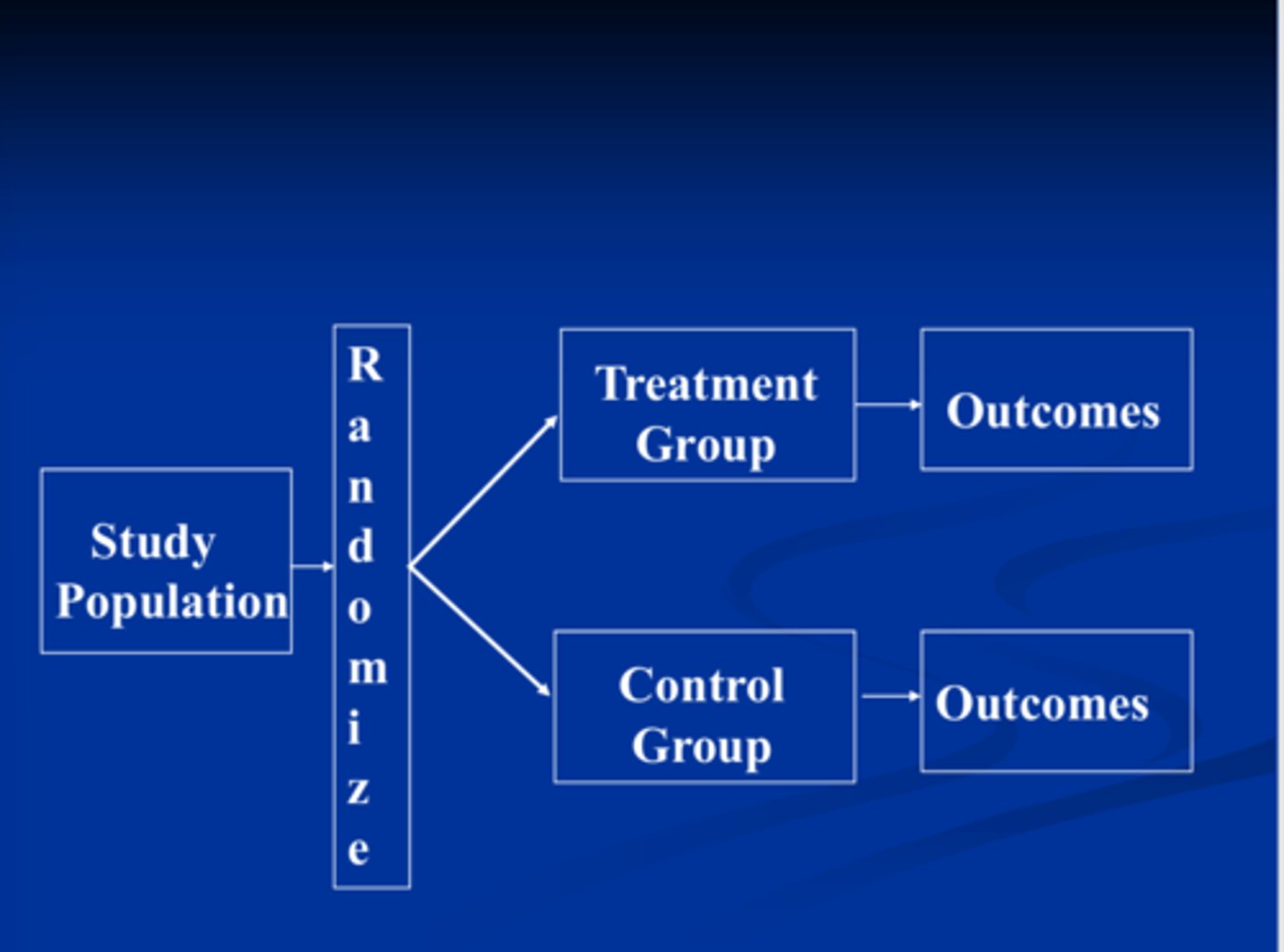 <p>In ____, patients are randomly assigned to one of two, three, or more groups that receive a drug or intervention and are followed over time for the outcome of interest. Some patients may fall under the control group, which serves as the comparison group. The group may be given a placebo drug (inactive drug, aka "sugar pill"), or a comparison drug may be given. Both groups are compared in terms of outcomes, and treatment effectiveness is determined.</p>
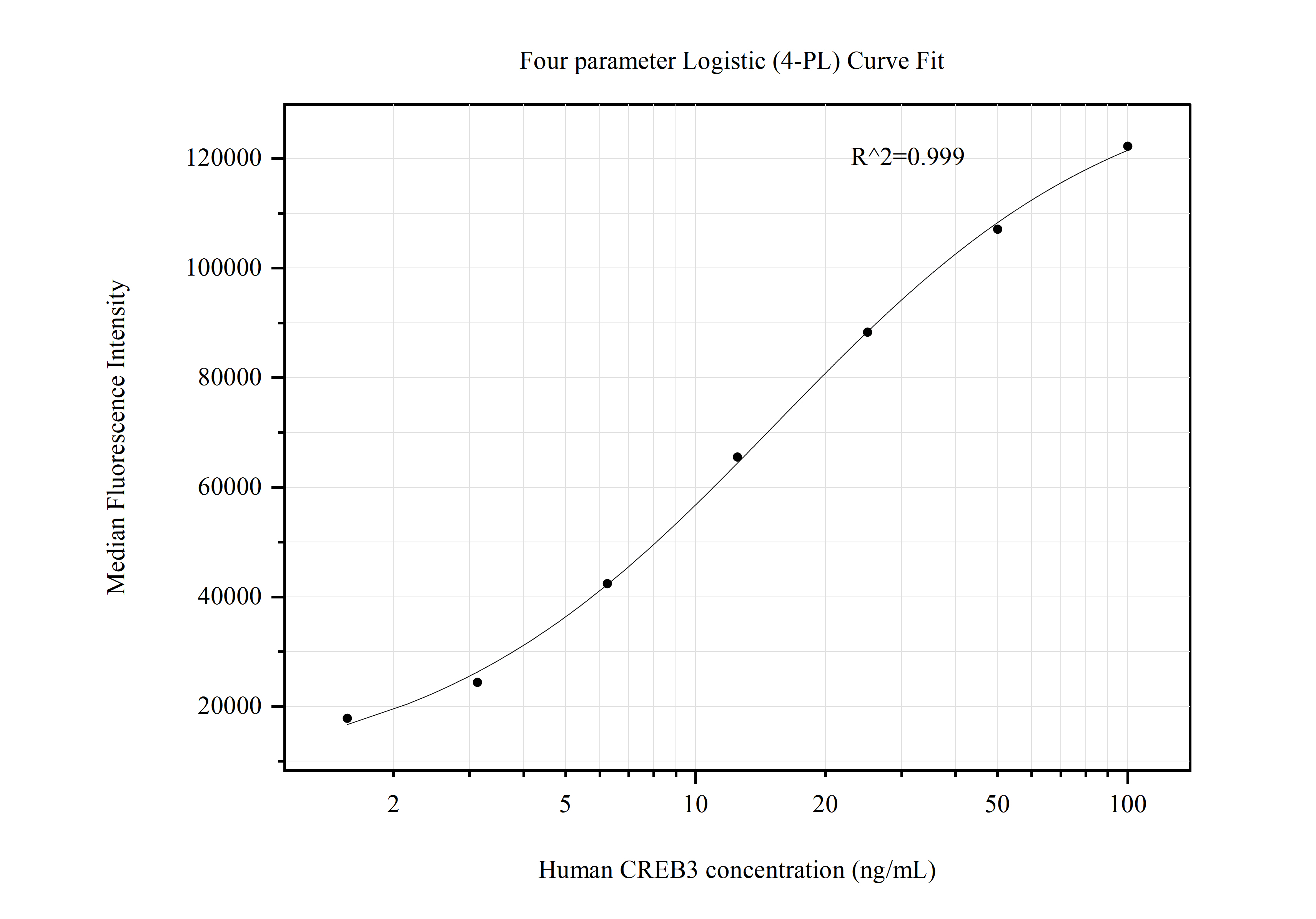 Cytometric bead array standard curve of MP50828-4, CREB3 Monoclonal Matched Antibody Pair, PBS Only. Capture antibody: 68379-7-PBS. Detection antibody: 68379-1-PBS. Standard:Ag1823. Range: 1.563-100 ng/mL.  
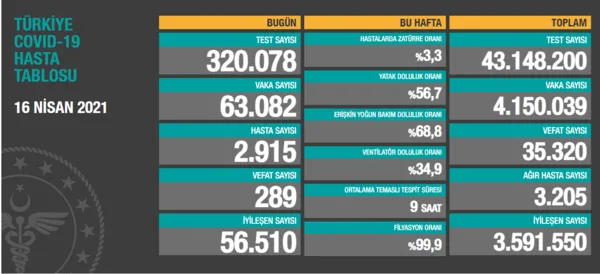 son-dakika-saglik-bakanligi-koronavirus-vaka-ve-vefat-sayisi-aciklandi-iste-16-nisankovid-19-hastavaka-ve-vefat-sayilari-1618590525095.png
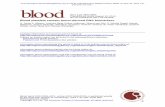 Blood platelets contain tumor-derived RNA biomarkers - thromboDx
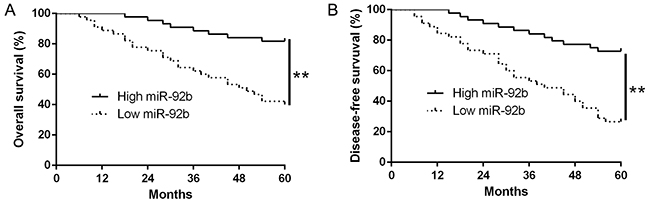 The prognostic value of miR-92b for NPC patients.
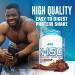 ANS Performance 100% Pure Hydrolyzed Whey Isolate Protein + BCAAs - 25g of Protein - Gluten Free Zero Lactose (Milk Chocolate 5 lb) Milk Chocolate 5 lb - Buy Online on GoSupps.com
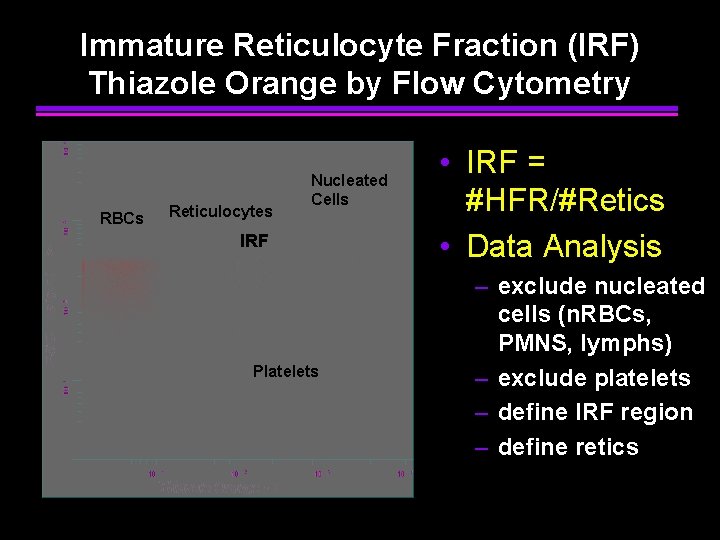 Immature Reticulocyte Fraction (IRF) Thiazole Orange by Flow Cytometry RBCs Reticulocytes Nucleated Cells IRF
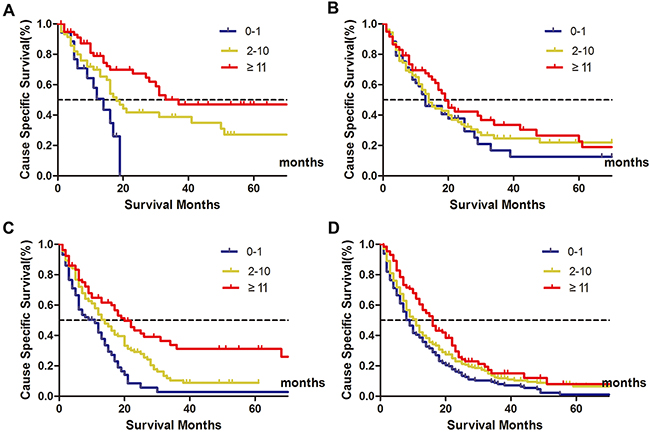 Clinical significance of NLN counts on patients&rsquo; survival stratified by N stage.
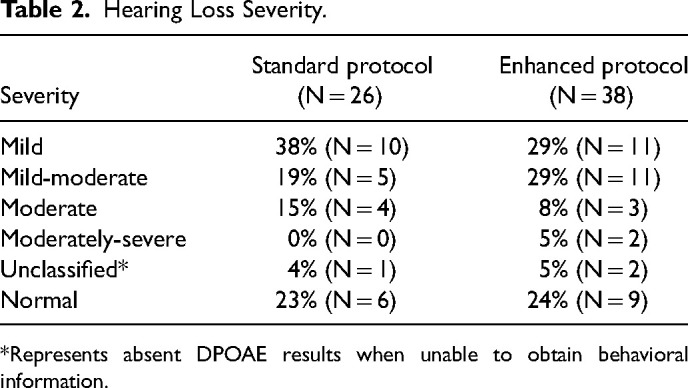 An Enhanced Audiologic Protocol for Early Identification of Conductive Hearing Loss in Patients with Cleft Palate.
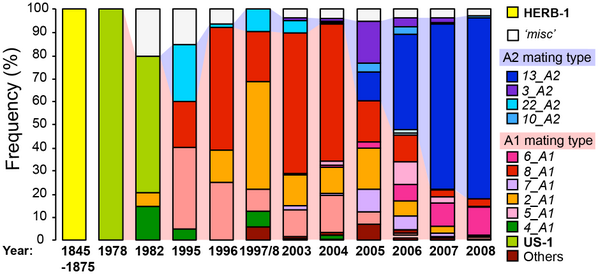 klsywd's tweet photo. P. infestans lineage shifts since the Irish potato famine #dataviz #Blue13 #PLOSPathogens http://t.co/6sKR3SL4r2 http://t.co/QyVxeE5ZDO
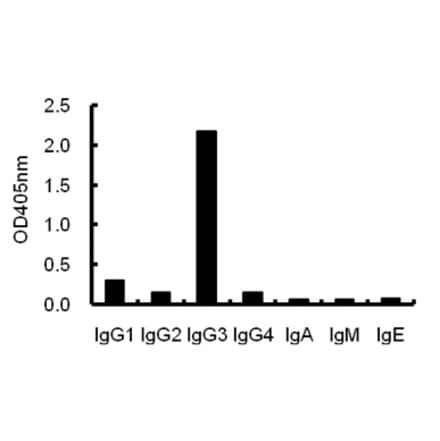 ELISA - Anti-IgG3 Antibody (068909H08) - Antibodies.com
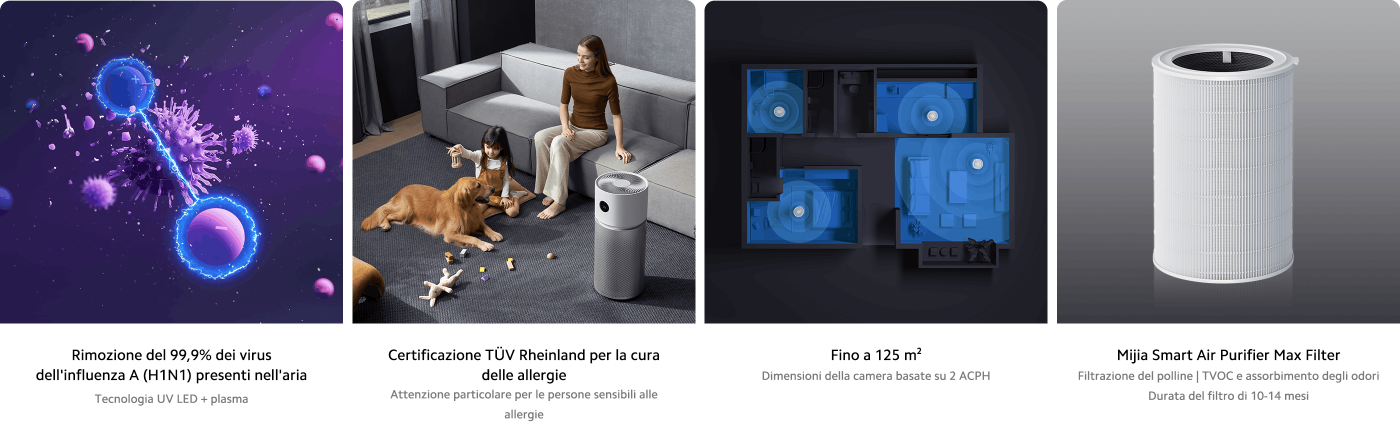 L'immagine mostra un purificatore d'aria intelligente con varie caratteristiche. Sottolinea la sua efficacia nell'eliminare il 99,9% dei virus dell'influenza A (H1N1) dall'aria utilizzando tecnologia UV LED e plasma. Si menziona anche la certificazione TÜV Rheinland per la cura delle allergie, indicando la sua idoneità per individui sensibili. Il purificatore è progettato per spazi fino a 125 m² e include un filtro progettato per durare 10-14 mesi, filtrando efficacemente polline, TVOC e odori.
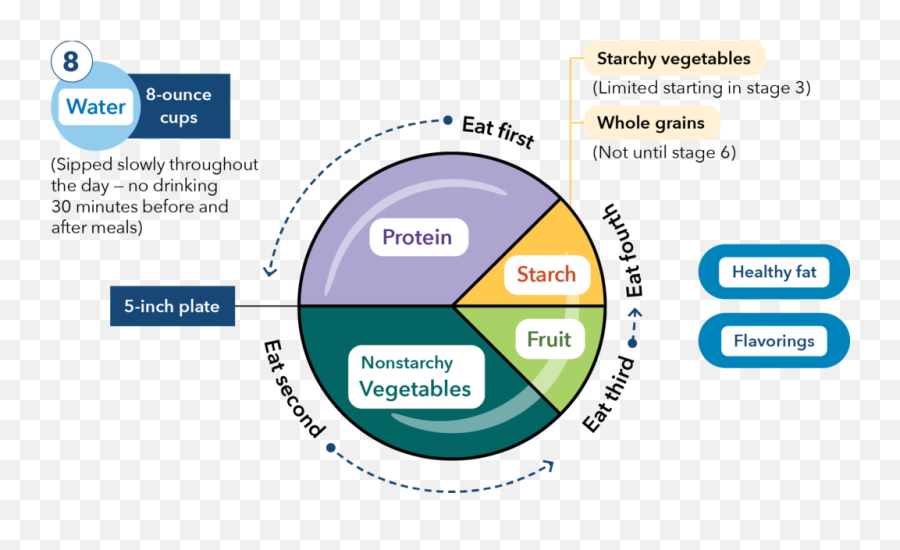 Nutrition After Surgery U2013 Options Metabolic And Bariatric - Bariatric Meal Plan Kaiser Png,Icon Meals Protein Popcorn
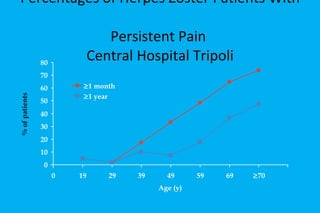 Percentages of Herpes Zoster Patients With  Persistent Pain  Central Hospital Tripoli 0 10 20 30 40 50 60 70 80 0 19 29 39 49 59 69  70 Age (y)  1 month  1 year % of patients 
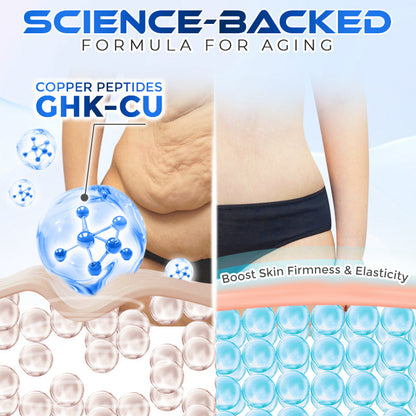 GFOUK® Firming Pro Copper GHK-Cu Peptides Body Firming Stick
-*-*-
> [Task goal] Each entry gets copied exactly; the pictures stay out.

> [Solution to the exercise]
 <p>In ____, patients are randomly assigned to one of two, three, or more groups that receive a drug or intervention and are followed over time for the outcome of interest. Some patients may fall under the control group, which serves as the comparison group. The group may be given a placebo drug (inactive drug, aka "sugar pill"), or a comparison drug may be given. Both groups are compared in terms of outcomes, and treatment effectiveness is determined.</p>
 Cytometric bead array standard curve of MP50828-4, CREB3 Monoclonal Matched Antibody Pair, PBS Only. Capture antibody: 68379-7-PBS. Detection antibody: 68379-1-PBS. Standard:Ag1823. Range: 1.563-100 ng/mL.  
 son-dakika-saglik-bakanligi-koronavirus-vaka-ve-vefat-sayisi-aciklandi-iste-16-nisankovid-19-hastavaka-ve-vefat-sayilari-1618590525095.png
 Blood platelets contain tumor-derived RNA biomarkers - thromboDx
 The prognostic value of miR-92b for NPC patients.
 ANS Performance 100% Pure Hydrolyzed Whey Isolate Protein + BCAAs - 25g of Protein - Gluten Free Zero Lactose (Milk Chocolate 5 lb) Milk Chocolate 5 lb - Buy Online on GoSupps.com
 Immature Reticulocyte Fraction (IRF) Thiazole Orange by Flow Cytometry RBCs Reticulocytes Nucleated Cells IRF
 Clinical significance of NLN counts on patients&rsquo; survival stratified by N stage.
 An Enhanced Audiologic Protocol for Early Identification of Conductive Hearing Loss in Patients with Cleft Palate.
 klsywd's tweet photo. P. infestans lineage shifts since the Irish potato famine #dataviz #Blue13 #PLOSPathogens http://t.co/6sKR3SL4r2 http://t.co/QyVxeE5ZDO
 ELISA - Anti-IgG3 Antibody (068909H08) - Antibodies.com
 L'immagine mostra un purificatore d'aria intelligente con varie caratteristiche. Sottolinea la sua efficacia nell'eliminare il 99,9% dei virus dell'influenza A (H1N1) dall'aria utilizzando tecnologia UV LED e plasma. Si menziona anche la certificazione TÜV Rheinland per la cura delle allergie, indicando la sua idoneità per individui sensibili. Il purificatore è progettato per spazi fino a 125 m² e include un filtro progettato per durare 10-14 mesi, filtrando efficacemente polline, TVOC e odori.
 Nutrition After Surgery U2013 Options Metabolic And Bariatric - Bariatric Meal Plan Kaiser Png,Icon Meals Protein Popcorn
 Percentages of Herpes Zoster Patients With  Persistent Pain  Central Hospital Tripoli 0 10 20 30 40 50 60 70 80 0 19 29 39 49 59 69  70 Age (y)  1 month  1 year % of patients 
 GFOUK® Firming Pro Copper GHK-Cu Peptides Body Firming Stick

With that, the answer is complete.